(Beginning of DATA EXTRACT)
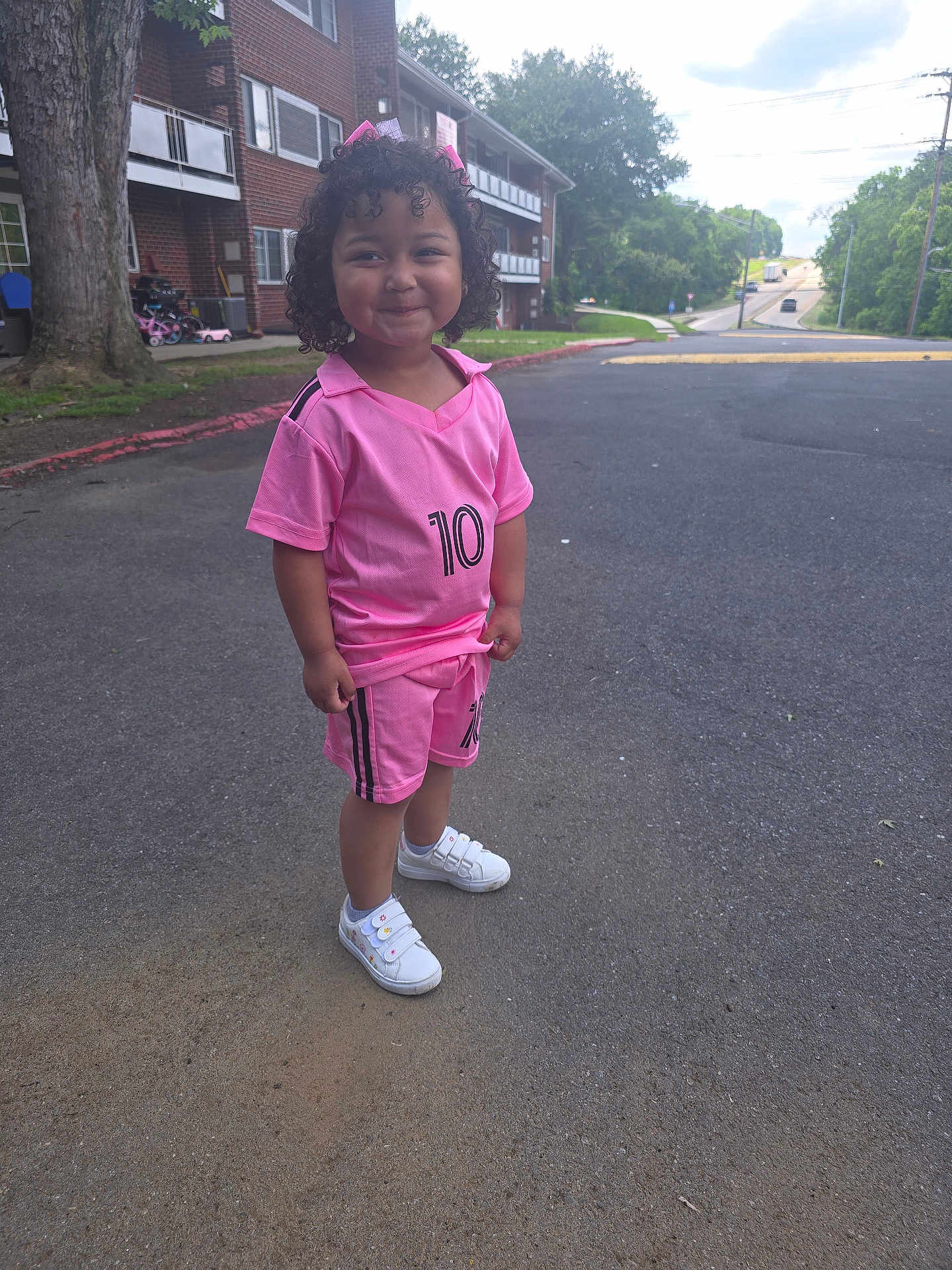 Sophia joined the competition — help win amazing prizes! child, curly_hair, pink_outfit, shorts, sneakers, smile, outdoor, road, tree, building, grass, sidewalk, suburban, number_10, happy, person, casual_clothing, daylight, playful, young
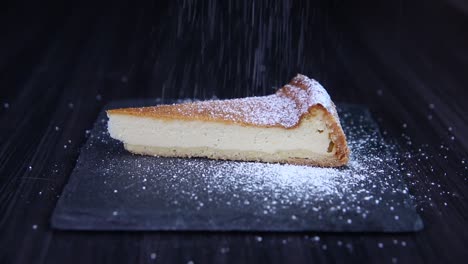 Pouring-sugar-on-slice-of-cheesecake-on-stone-plate-close-up-shoot-slow-motion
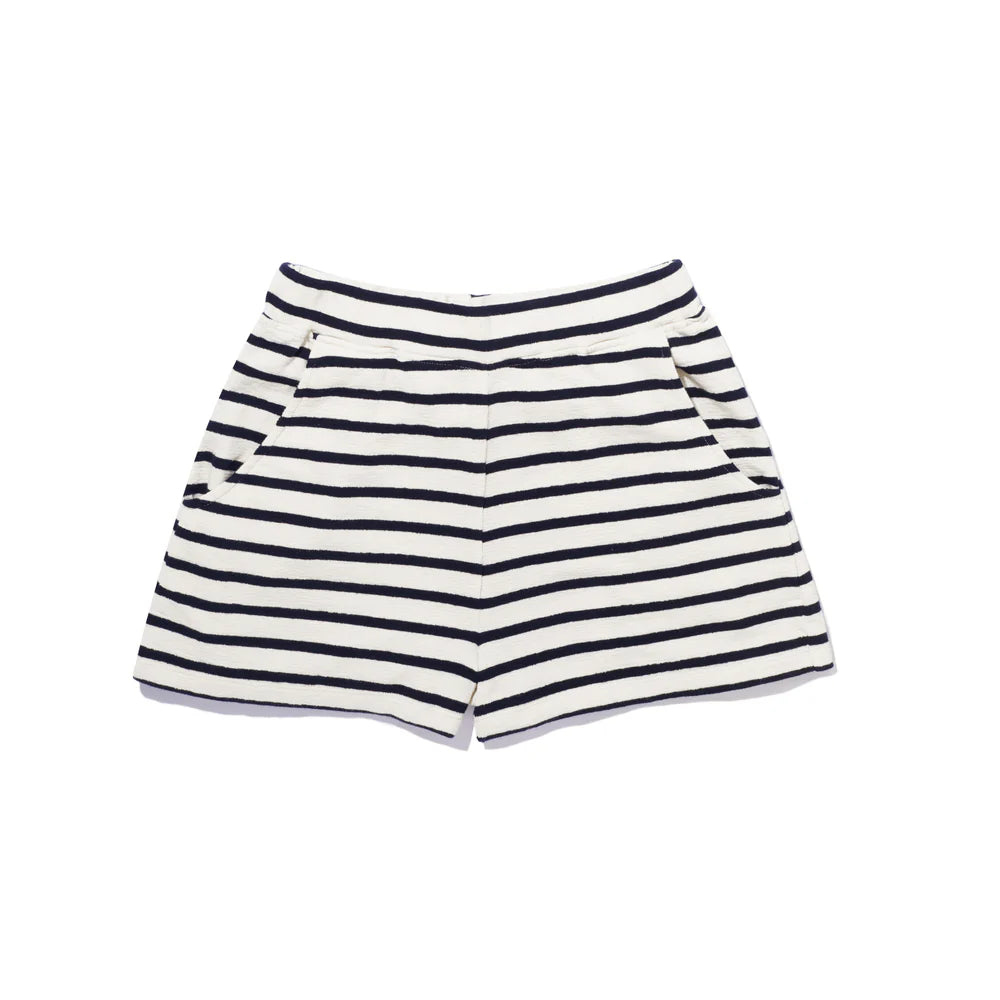 The Eco Cotton Venus shorts by Kule are white pull-on shorts made from organic cotton, with horizontal black stripes and side pockets.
(End of DATA EXTRACT)
### TASK TO CARRY OUT
All of the data is to be reproduced exactly, with the pictures left out.

### PROBLEM SOLUTION
 Sophia joined the competition — help win amazing prizes! child, curly_hair, pink_outfit, shorts, sneakers, smile, outdoor, road, tree, building, grass, sidewalk, suburban, number_10, happy, person, casual_clothing, daylight, playful, young
 Pouring-sugar-on-slice-of-cheesecake-on-stone-plate-close-up-shoot-slow-motion
 The Eco Cotton Venus shorts by Kule are white pull-on shorts made from organic cotton, with horizontal black stripes and side pockets.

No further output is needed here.